Govt raises council to boost national productivity
• MINILS seeks partnership with NPC to boost national efficiency
The inauguration of the National Council on Productivity by the Federal Government will galvanise all relevant bodies to contribute meaningfully to the national economic outputs, the Director-General of the National Productivity Centre (NPC), Dr Kashim Akor, has said.
This comes as the Michael Imoudu National Labour Institute Ilorin (MINILS) said it would collaborate with the NPC to deepen the promotion of productivity in the country.
Speaking on the sidelines of the inauguration of the Council in Abuja, Akor, who expressed worries about Nigeria’s low productivity, said the council, which draws membership from the public, private sectors and the organised labour, is properly positioned to drive productivity message to all the sectors of the Nigerian economy.
He added: “If the council is given the wherewithal to function in every critical area that has been assigned to it, there will be a visible improvement in terms of programme formulation and implementation that enhances productivity of the Nigerian economy.
“I am deeply worried that the national productivity of the Nigerian economy is abysmally low. I am worried because productivity is a deciding factor as far as the enhancement of the quality of lives of the people is concerned. Enhanced productivity leads to increased wealth creation. Increased wealth creation leads to employment generation.
So, if there is low productivity, most aspects of the economy will be at the lowest ebb. However, I must add that not all sectors of the economy can record low productivity at the same time. Look at the telecommunication and agriculture sectors. Even the creative industry is booming with Nigerian films watched in almost every part of the African continent, Europe and the Americas by non-blacks. But we can do more as a country. Other critical areas are not performing to the optimum. The definition of productivity is the maximisation of input to achieve the best output. So, in everything we do as a people, we must aim to achieve the best result.”
To change the disturbing narrative, Akor said Nigeria can turn the tide by tackling factors that are impeding productivity headlong.

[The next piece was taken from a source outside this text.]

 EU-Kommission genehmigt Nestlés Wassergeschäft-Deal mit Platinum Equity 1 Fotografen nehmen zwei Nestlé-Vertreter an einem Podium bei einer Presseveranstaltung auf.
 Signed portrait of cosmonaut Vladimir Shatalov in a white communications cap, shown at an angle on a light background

He explained: “Nigeria can turn the story around by tackling the factors that are impeding productivity in the country. To change this, we must work on the attitudes of Nigerians. The attitude that does not strive to improve on what they do. No matter the level of our output, there are still gaps for improvement. We must imbibe a maintenance attitude. For example, public utilities are decaying under our very eyes with most of us looking the other side. We have a poor attitude to government properties as if the government is a ghost. We do not realise that government is you and I. Those in authority come and go, but the Nigerian state remains. We must have the attitude of whatever exists, can always be improved upon. We must develop the mentality for growth. We must strive to do the right thing, at the least cost for the benefit of the larger population.”